WORK REQUEST. Under this line are the records; repeat exactly the lines starting at the one containing "Malatya'da Şok Baskın!" and ending at the one containing "Bauhaus Sari Kure", omitting pictures.

THE RECORDS.
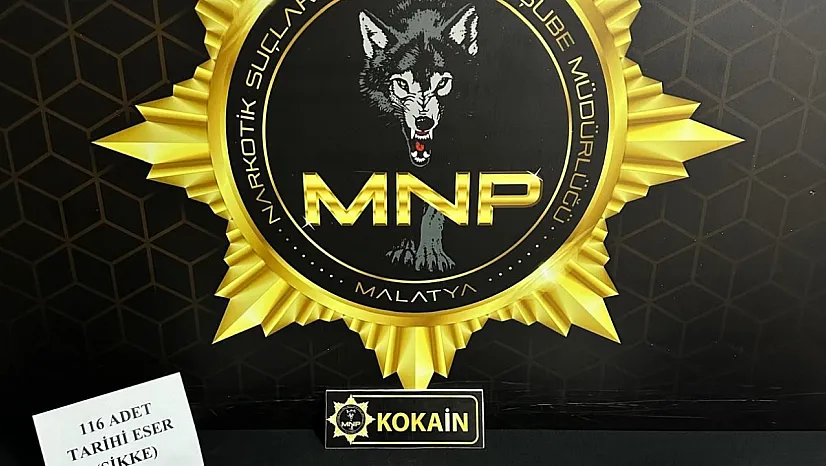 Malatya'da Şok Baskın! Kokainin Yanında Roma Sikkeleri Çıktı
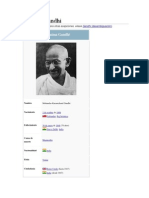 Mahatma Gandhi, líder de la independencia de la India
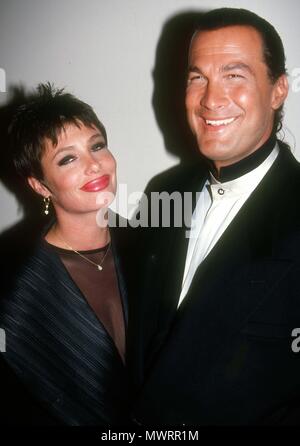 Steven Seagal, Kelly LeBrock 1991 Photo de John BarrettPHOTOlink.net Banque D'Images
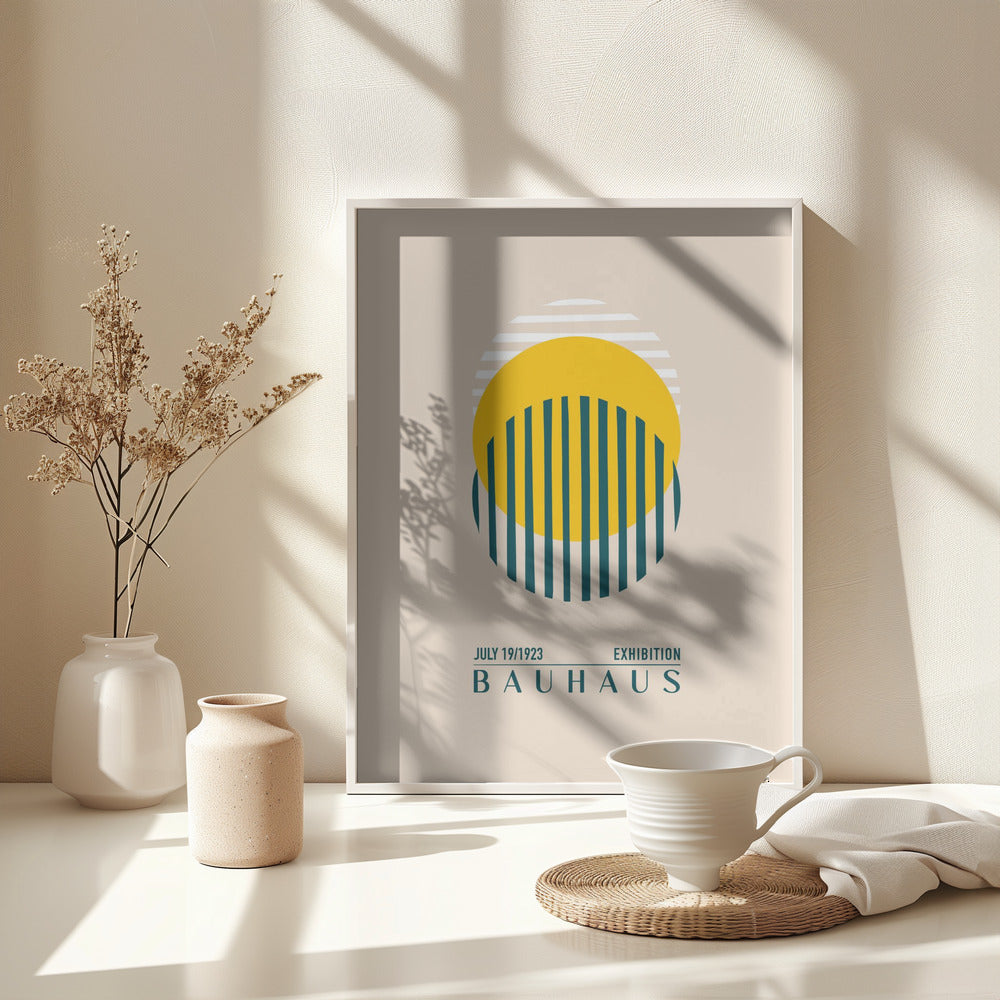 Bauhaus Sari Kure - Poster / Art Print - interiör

---

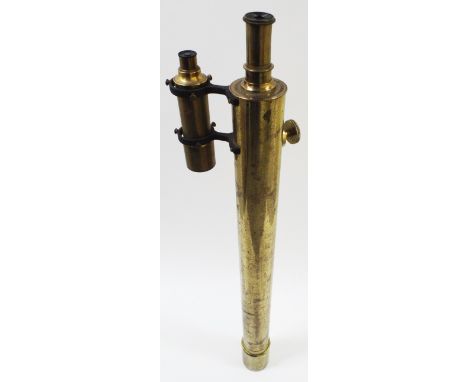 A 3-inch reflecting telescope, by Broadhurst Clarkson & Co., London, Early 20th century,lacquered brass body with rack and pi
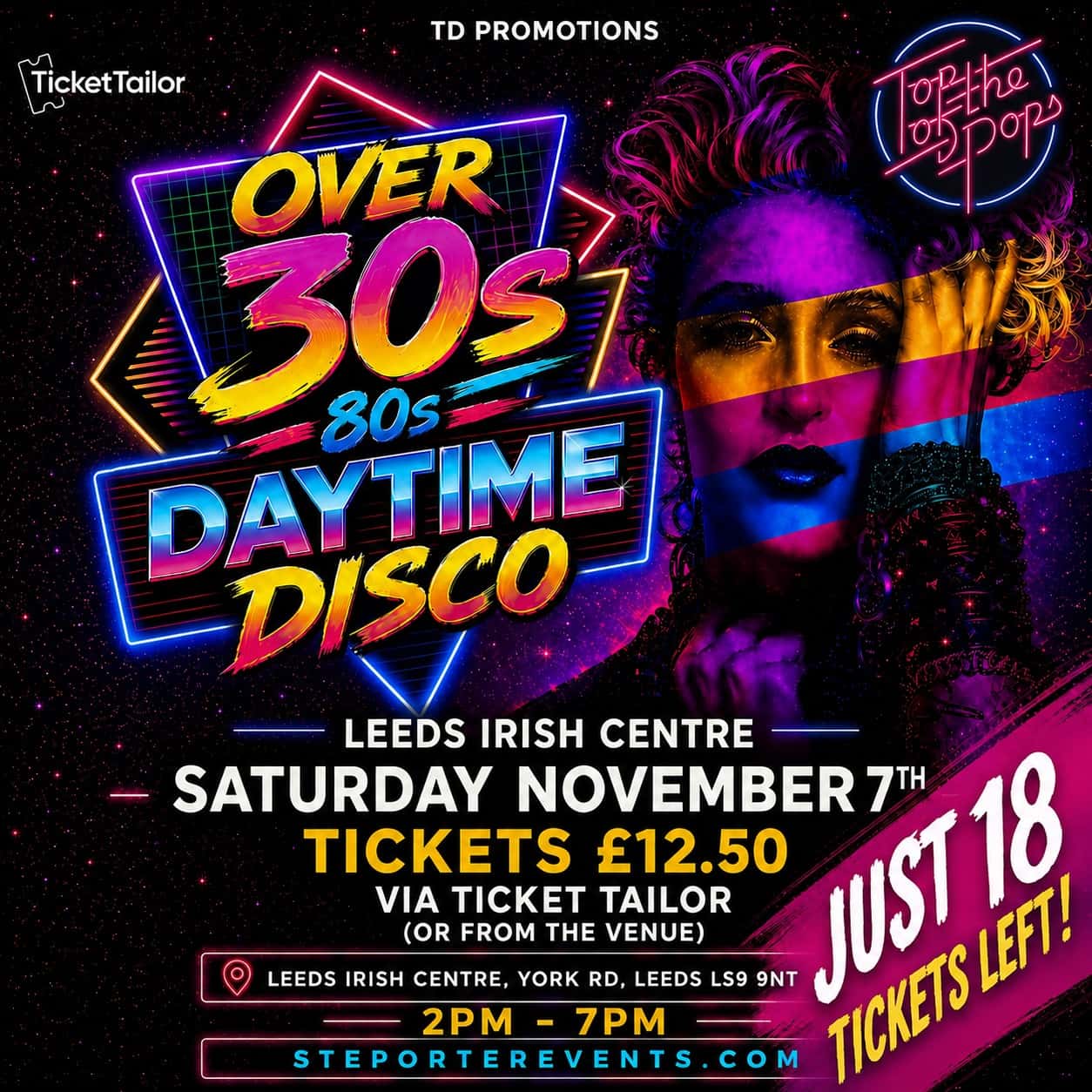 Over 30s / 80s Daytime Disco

* * *

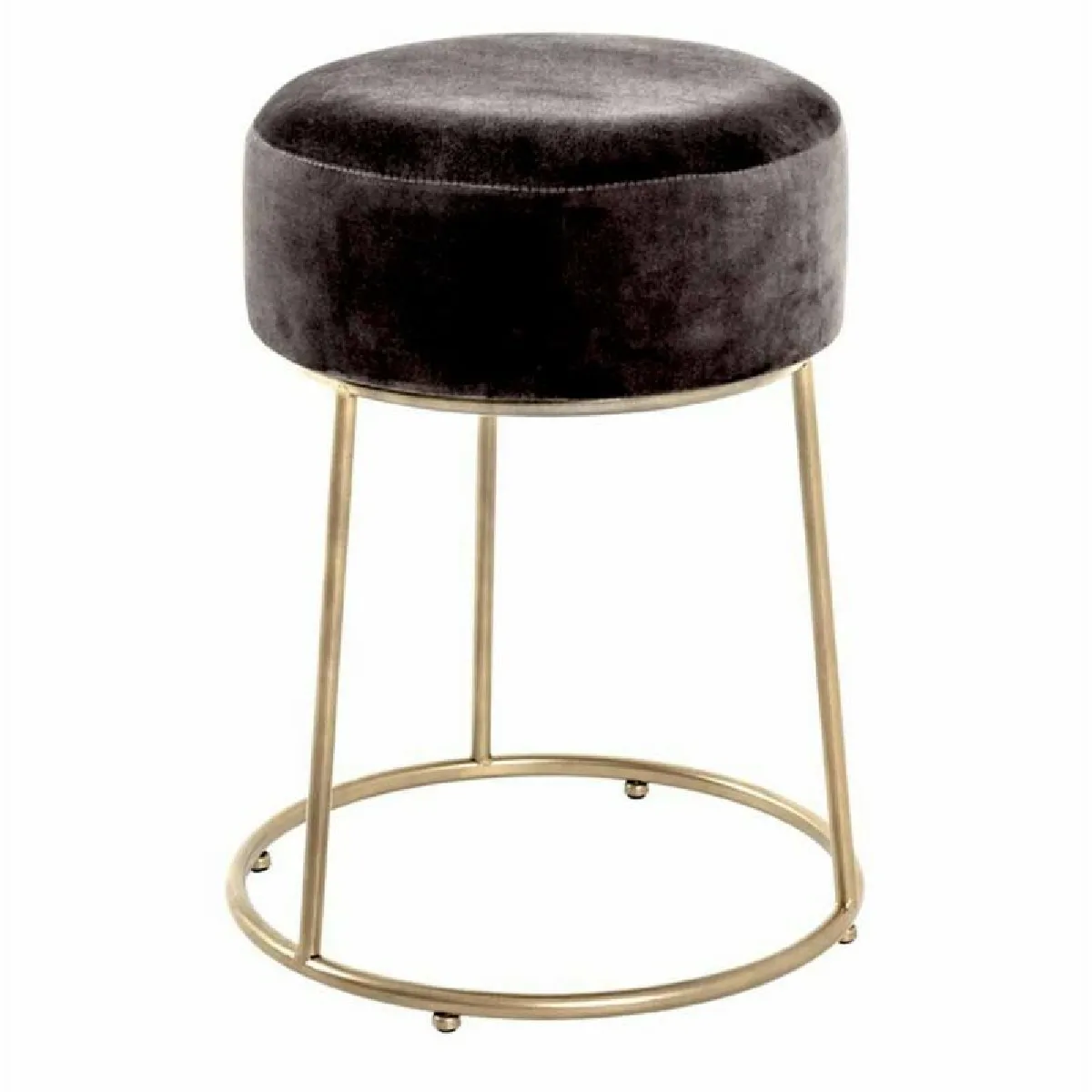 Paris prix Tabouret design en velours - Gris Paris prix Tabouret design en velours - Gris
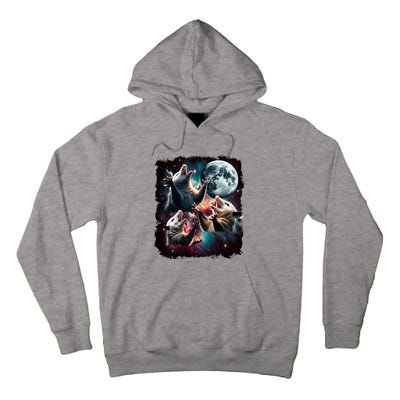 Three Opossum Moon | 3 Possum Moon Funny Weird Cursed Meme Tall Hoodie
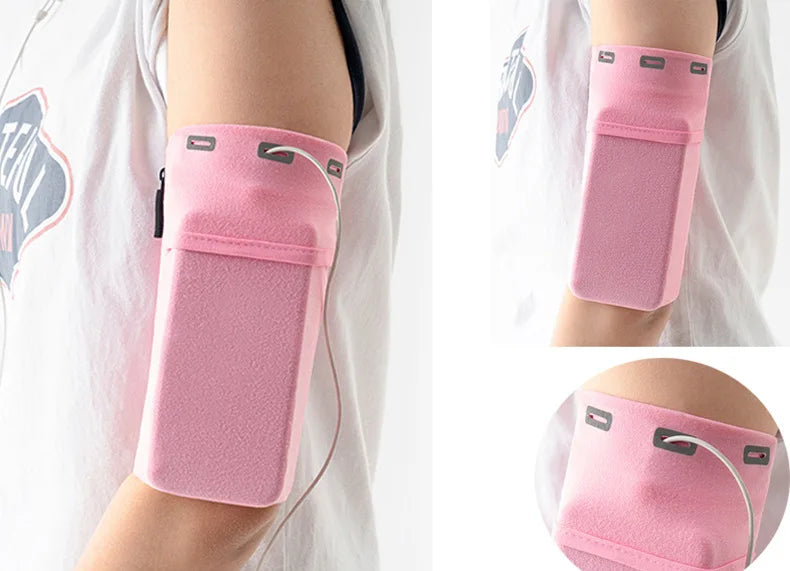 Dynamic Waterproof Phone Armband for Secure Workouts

SOLUTION TO THE EXERCISE.
 Malatya'da Şok Baskın! Kokainin Yanında Roma Sikkeleri Çıktı
 Mahatma Gandhi, líder de la independencia de la India
 Steven Seagal, Kelly LeBrock 1991 Photo de John BarrettPHOTOlink.net Banque D'Images
 Bauhaus Sari Kure - Poster / Art Print - interiör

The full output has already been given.